The pursuers pleaded—“1. The pursuers being entitled, in terms of the statutes condescended upon, and immemorial usage, and in accordance with the law and practice of Scotland, to charge and collect from the defenders the rates, fees, and emoluments specified, and the defenders disputing this right, the pursuers are entitled to decree of declarator as concluded for. 2. The sum sued for being due and resting-owing by the second-named defenders to the pursuers, or one or other of them, for the purposes condescended upon, decree should be granted therefor in favour of the pursuers or one or other of them as concluded for.”

The defenders pleaded—“1. No title to sue. 2. The action is incompetent, and ought to be dismissed. 3. The pursuers' averments being irrelevant and insufficient to support the conclusions of the summons, the action should be dismissed. 4. The defenders should be assoilzied, in respect—(1) that the Blythswood Estate Acts of 1828 and 1844 have ceased to have any force or effect; (2) that any obligations contained therein for payment of recording fees to the town clerks of Glasgow were binding only on the heirs succeeding under the entail then existing and not on the defenders. 5. In respect the first-named defender does not represent either of the old entailers, and holds the Blythswood estates solely under the entail of 1887, he should be assoilzied. 6. In any event—(1) any conclusion as regards the defender first called should be limited to lands dealt with by the Statute of Geo.
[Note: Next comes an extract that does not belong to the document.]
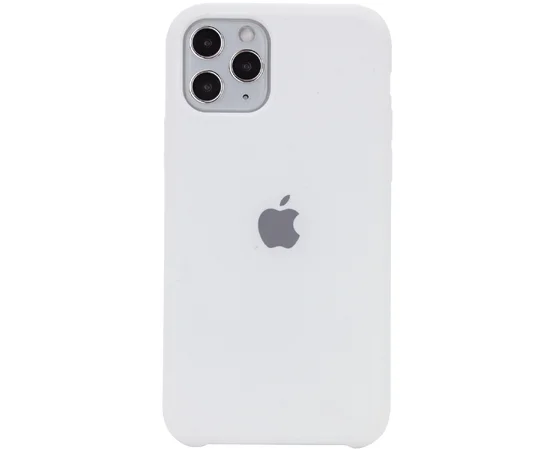 Чехол Silicone case (A) для Apple iPhone 11 Pro Max (6.5") Белый / White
IV, cap. 24, so long as said defender is infeft in said lands; (2) the general declarator should be dismissed as regards the defenders second called.”

On 11th March 1919 the Lord Ordinary ( Hunter) repelled the 1st, 2nd, 4th, and 5th pleas for the defenders and continued the cause, and granted leave to reclaim.
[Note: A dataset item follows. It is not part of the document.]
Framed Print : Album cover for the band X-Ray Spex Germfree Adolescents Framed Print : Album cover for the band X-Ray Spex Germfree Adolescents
Opinion (from which the facts of the case appear)—“In this action the pursuers are the City of Glasgow and the Town Clerk of that city, and the defenders are ( first) the present Lord Blythswood and ( second) the testamentary trustees of the late Lord Blythswood. The first conclusion of the action is that the pursuers are entitled to charge and collect from the defenders, and the defenders are bound to pay to the pursuers, the rates, fees, and emoluments exigible by the Town Clerk of the city and royal burgh of Glasgow, according to the table of rates fixed by Act of Sederunt dated 4th July 1882, in respect of writs or writings other than sasines which were in use to be recorded in the Register of Sasines of the burgh of Glasgow, in virtue of the Scots Acts passed in 1567 and 1681, upon the passing, expeding, and recording of such writs or writings in virtue of said Acts, and of immemorial usage under the same in accordance with the law and practice of Scotland, but which writs or writings were withdrawn from being recorded in the said Register of Sasines for the burgh of Glasgow, by virtue of an Act passed in 1828, in so far as such writs or writings related to the lands specified in the said last-mentioned Act. There is a special conclusion that the pursuers are entitled to charge and collect from the second-named defenders the rates, fees, and emoluments contained in an account commencing 30th September 1916 and ending 30th September 1917. The summons concludes with a petitory conclusion against these defenders for payment of the account.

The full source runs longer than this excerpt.